● Your instructions:
In the entries below, find the line with "Amazoness Fighter [LCJW-EN088]" and the line with "Thumbnail 3 in". Repeat exactly everything between them, those two lines included, but not the pictures.

*** Data for the task ***

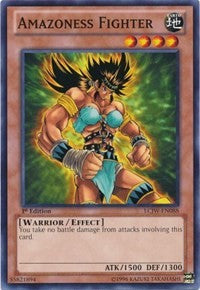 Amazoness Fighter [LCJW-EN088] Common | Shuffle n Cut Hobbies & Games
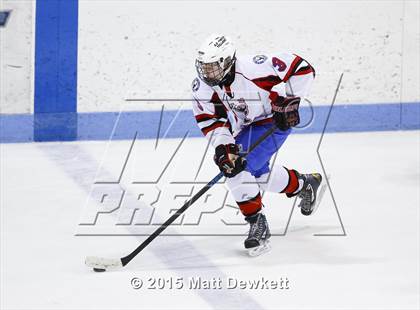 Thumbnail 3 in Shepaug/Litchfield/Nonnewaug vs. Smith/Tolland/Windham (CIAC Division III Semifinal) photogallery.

***
*** Data for the task ***

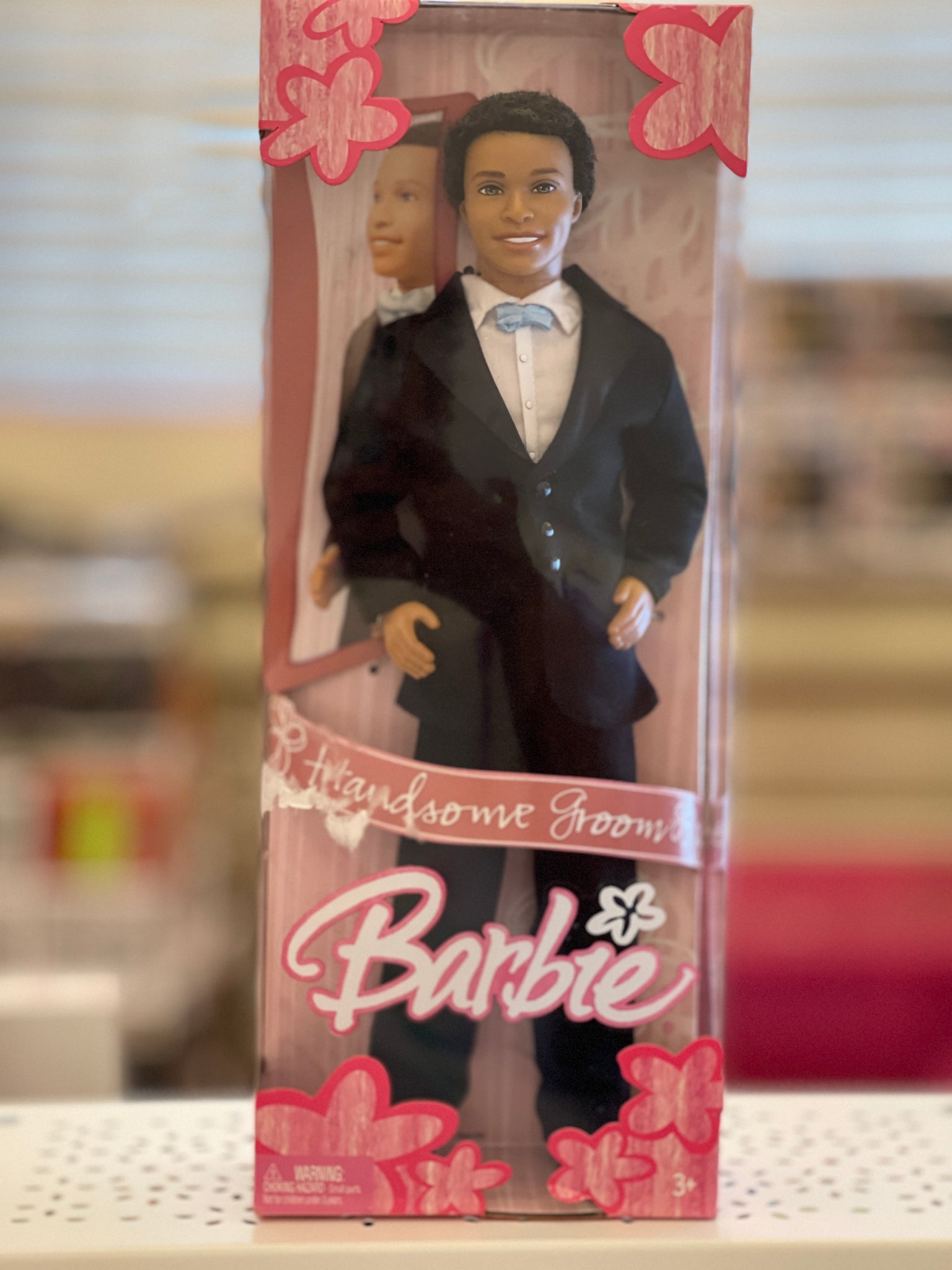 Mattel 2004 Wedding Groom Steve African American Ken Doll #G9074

***

● Response to this task:
 Amazoness Fighter [LCJW-EN088] Common | Shuffle n Cut Hobbies & Games
 Thumbnail 3 in Shepaug/Litchfield/Nonnewaug vs. Smith/Tolland/Windham (CIAC Division III Semifinal) photogallery.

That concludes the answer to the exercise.